Mike Birbiglia is too old to play a teenager - or even a twentysomething - but his voice still cracks on occasion. He delivers his lines with long uhhhhs, sarcasm and an overall air of uncertainty. Sight unseen - which is how many people first came to him, via monologues on his comedy albums and NPR's This American Life - he could almost pass for a child. This makes perfect sense since his comedy so often concerns resistance to adulthood.
In Sleepwalk with Me, his directorial debut, he's teamed up with co-writers Seth Barrish, Joe Birbiglia and This American Life's Ira Glass to re-engineer the autobiographical material that underpins his one-man show and book of the same name. Birbiglia plays Matt Pandamiglio, a struggling comic who starts sleepwalking shortly after he moves in with his longtime girlfriend, Abby (Lauren Ambrose). As she and his family pressure him to start thinking about marriage, he adopts a hectic road schedule. For him, "escape" means doing standup in empty bars and hosting air-karaoke contests on college campuses. The movie's on its surest footing during these scenes, which detail Matt's fight to refine his comic voice and the camaraderie he finds in the comedy community.
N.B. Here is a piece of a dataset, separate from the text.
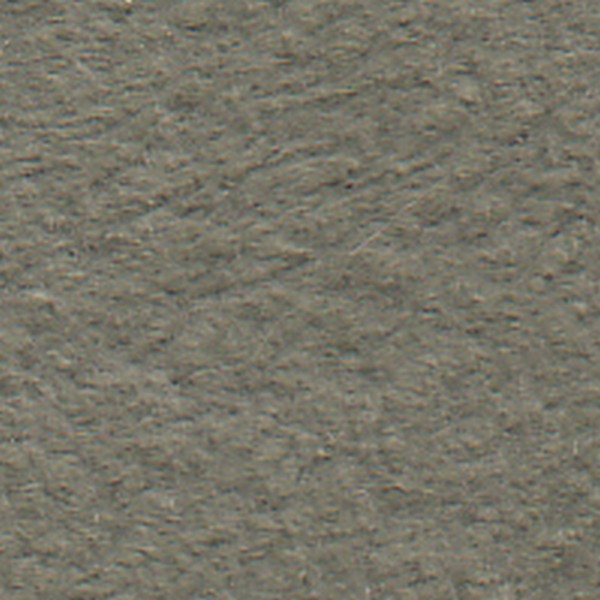 Windsor Suede LT Grey - OEM Cloth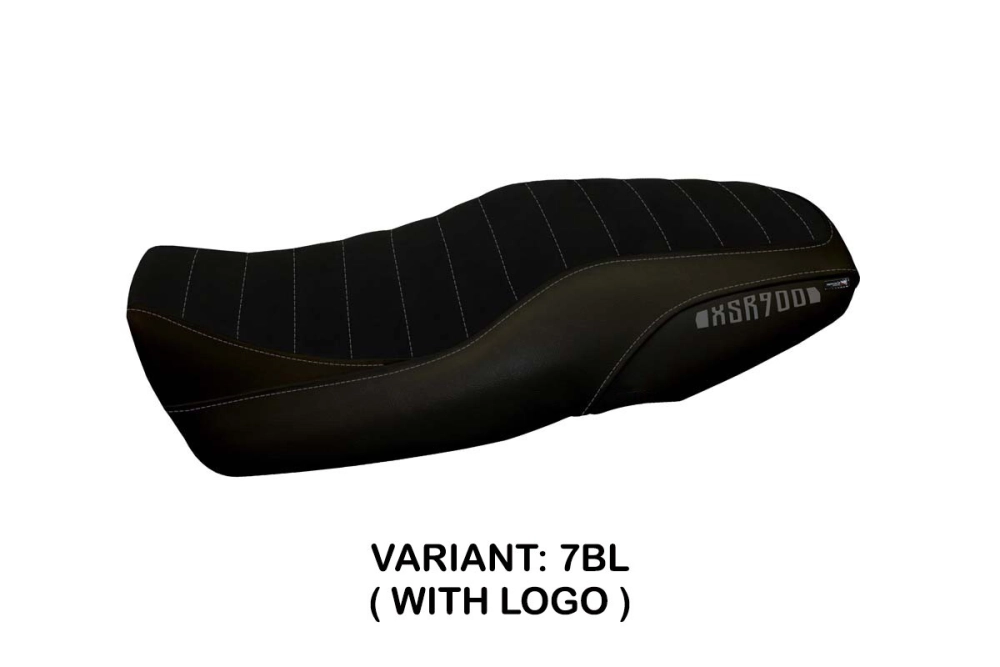 Https://tpzitalia.com/2849/housse-de-selle-compatible-yamaha-xsr-900-16-21-modele-portorico-5.jpg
As a voice in your ear, Birbiglia has a shambling, decent-guy appeal. For the most part, this charm carries over to the screen. His egocentrism, on the other hand, doesn't translate so well. Matt Pandamiglio is the only character who gets his own story and inner space; it's as if the other characters power down in between interactions with Matt. They spring to life only when the plot needs a nudge. (Rap twice on Abby, and you might hear an echo. This is no way to treat an actress with Ambrose's acuity and luminosity.) Like Birbiglia himself, Sleepwalk With Me is awfully likable, but I wanted it to be so much more.